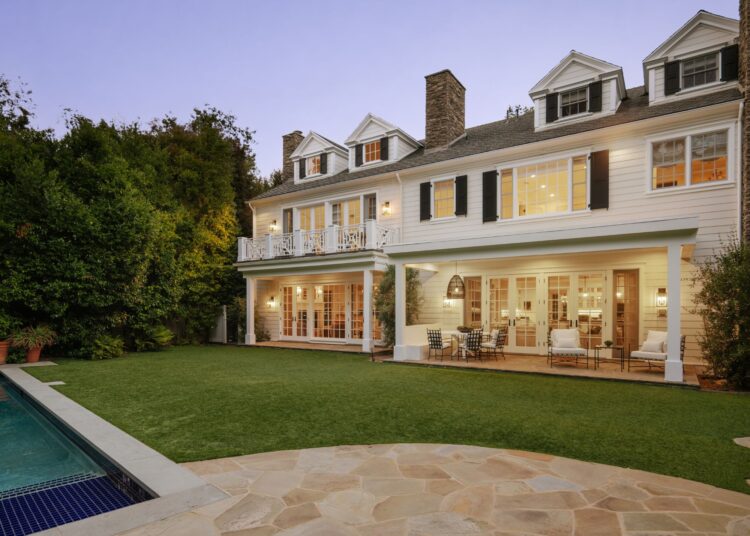sarah michelle gellar house for sale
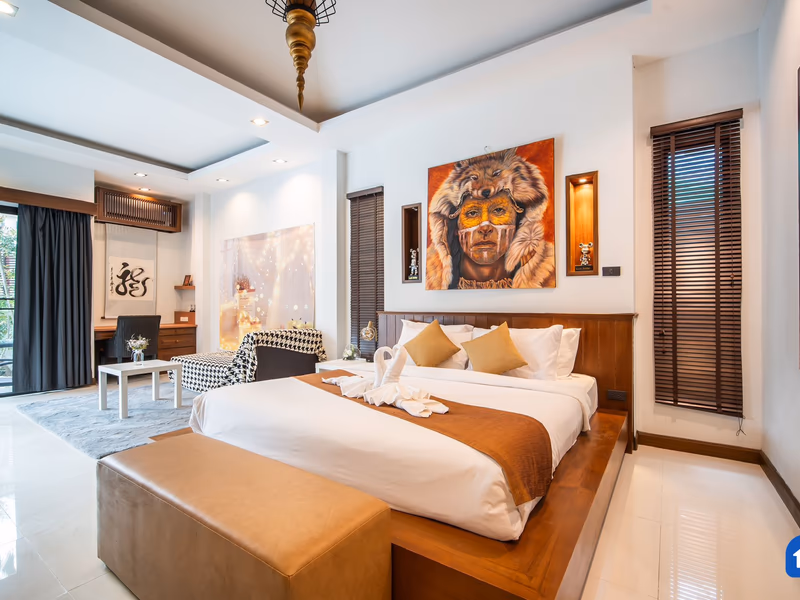 3 Modern Pool Villa in Chalong - 12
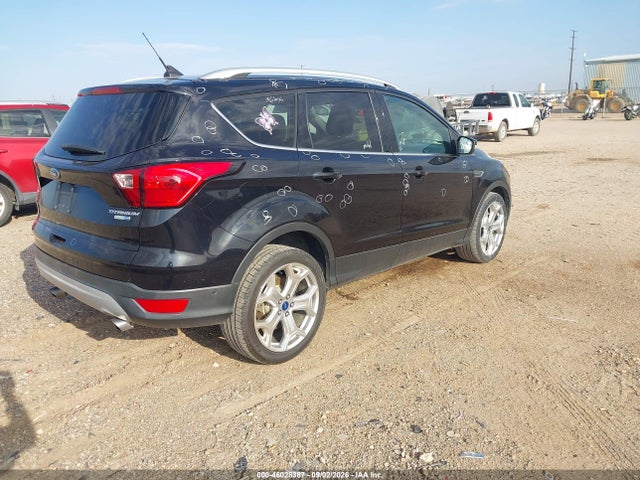 Ford Escape Titanium 2019 1FMCU9J95KUA36874 Image 4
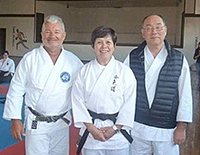 Makoto Nishida Shihan, 1944 - 2025)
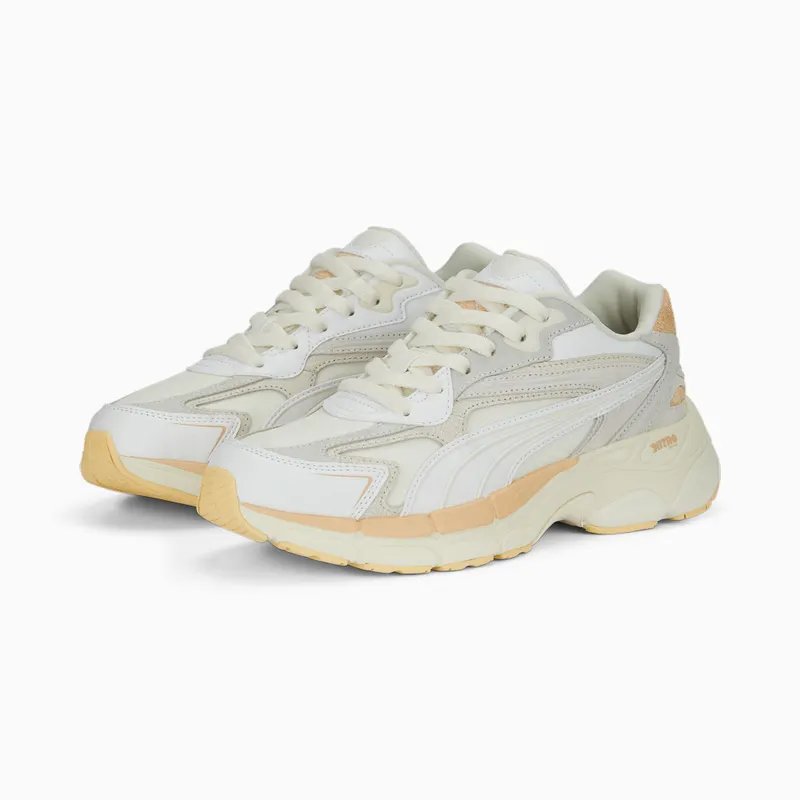 Puma Teveris Nitro Thrifted White (391095-02)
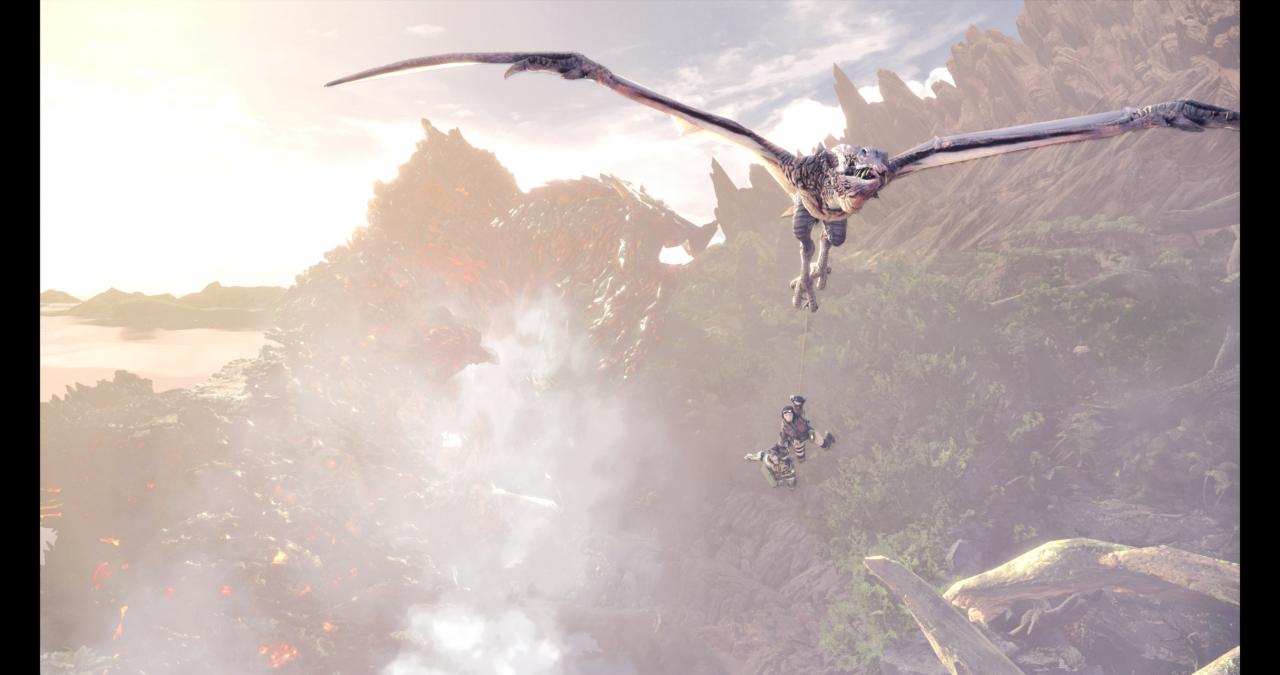 [07/08/2018] Monster Hunter World im Techniktest (Bilder: 4K-DCI maxed & downsampled) (62)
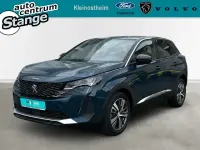 Gebraucht Peugeot 3008 Allure 131 PS (96 kW) 2024 Blau SUV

• Brief
Transcribe exactly the lines from the one holding "Ford Escape Titanium" through the final line of the material above, both ends included; any pictures should be dropped.

• Written answer
 Ford Escape Titanium 2019 1FMCU9J95KUA36874 Image 4
 Makoto Nishida Shihan, 1944 - 2025)
 Puma Teveris Nitro Thrifted White (391095-02)
 [07/08/2018] Monster Hunter World im Techniktest (Bilder: 4K-DCI maxed & downsampled) (62)
 Gebraucht Peugeot 3008 Allure 131 PS (96 kW) 2024 Blau SUV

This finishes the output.